The dream of cryptocurrencies is in danger of imploding along with their value. If the crypto coin that supports the whole market goes under it could drag the entire system down with it. That coin is called Tether
Why this story?
It’s been like watching one of those failed rocket launches. For years, cryptocurrencies have shot upwards almost vertically. Some of us have gawped at the spectacle, some have scrambled to get on board. Either way, the roar of their value rising and the sight of them leaving other asset classes earth-bound has been captivating. And then, just as the rocket was about to escape the atmosphere, a flash and a deafening explosion: is that the end of the mission? Or is the problem fixable, Houston?
For a year at Tortoise we’ve been investigating one cryptocurrency, Tether. It has a particular, enormous role in the crypto world. It’s meant to be an endless piece of string, tying itself to the physical world of cash through the apparently simple device of keeping a dollar, or a dollar equivalent, in the bank for every dollar’s-worth of Tether it issues. It’s pegged – tethered – one-to-one and, because of that, it’s become the on-ramp for people getting on board the crypto rocket and the off-ramp for cashing out.
Only, like so much else in the crypto world – as we discovered when Sam Bankman-Fried’s FTX/Alameda empire collapsed – it has so far failed, or refused, to abide by established financial rules. It’s never been audited, never issued a proper set of accounts. In a world which often describes itself as trustless (you don’t have to trust governments, you don’t have to trust banks if you’re an investor in cryptocurrencies) you do, apparently, have to trust Tether – blindly.

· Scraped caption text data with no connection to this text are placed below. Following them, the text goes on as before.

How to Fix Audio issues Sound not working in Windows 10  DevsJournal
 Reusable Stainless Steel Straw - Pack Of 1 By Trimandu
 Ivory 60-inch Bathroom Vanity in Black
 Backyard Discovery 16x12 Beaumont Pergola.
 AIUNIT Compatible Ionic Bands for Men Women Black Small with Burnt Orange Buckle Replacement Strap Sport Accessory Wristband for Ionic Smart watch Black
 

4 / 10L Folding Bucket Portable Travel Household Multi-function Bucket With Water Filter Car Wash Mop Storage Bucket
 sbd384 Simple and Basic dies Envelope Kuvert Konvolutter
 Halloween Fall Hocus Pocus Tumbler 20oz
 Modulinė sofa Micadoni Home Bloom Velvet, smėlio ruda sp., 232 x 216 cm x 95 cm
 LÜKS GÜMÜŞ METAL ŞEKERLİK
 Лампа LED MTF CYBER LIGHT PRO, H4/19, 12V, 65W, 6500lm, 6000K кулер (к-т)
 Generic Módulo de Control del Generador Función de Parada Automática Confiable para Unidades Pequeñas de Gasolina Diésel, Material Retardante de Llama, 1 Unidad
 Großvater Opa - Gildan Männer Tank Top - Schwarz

But can we? Why would we? We’ve been investigating the people who set up Tether and talked to the people who run it now. We’ve checked in with their bankers past and present and their critics, all in an attempt to trace the cash Tether should have in the bank. There’s nothing orthodox about the people who run Tether or the way that it’s run, and that rings alarm bells. Because if, one day, that distant flash high in the sky is the sight of Tether exploding it really could be the death-knell for the dream of exploring a new financial world.
How we got here
Around the time we began investigating Tether, one Bitcoin was worth more then $68,000 and Sam Bankman-Fried’s FTX/Alameda empire (Sam, the acceptable, mainstream face of cryptocurrencies) was on a very public roll. This week, the price of a Bitcoin crept back above $20,000 for the first time in a while and Sam Bankman-Fried maintained his innocence against charges of “epic fraud”. Sometimes, in the course of a long investigation, the story ambles away from you; sometimes it races in your direction.
It was a pie chart which first caught our eye. Under pressure to publish a full set of accounts to prove its claim that it had a dollar, or its equivalent, in the bank for every dollar’s worth of Tether it issued, the owners of Tether published a pie chart instead, in May 2021, with just four thinly-labelled slices.
It felt like taking the mickey, or maybe worse than that: two fingers to anyone who suggested that this pioneering, buccaneering outfit should play by traditional financial rules. Tether was to be trusted, not because it had proved its trustworthiness, but because it was the keystone of a cryptocurrency system which was making too much money for awkward questions to be asked.
We didn’t trust it. And the more we looked at the people behind Tether – a former child actor-turned crypto entrepreneur, a one-time plastic surgeon, a mysterious Dutch man who seems to have scraped every mention and image of his name and face from the internet – the less trusting we became.
Even now, with the rest of the cryptocurrency world wobbling all around it after a long ‘crypto winter’ and the collapse of FTX, Tether still refuses to publish its accounts, or even to commit to a date when it will. But FTX shows that when you’re handling other people’s money – $72 billion worth of it in Tether’s case – proper accounting matters. Without it the risks are enormous.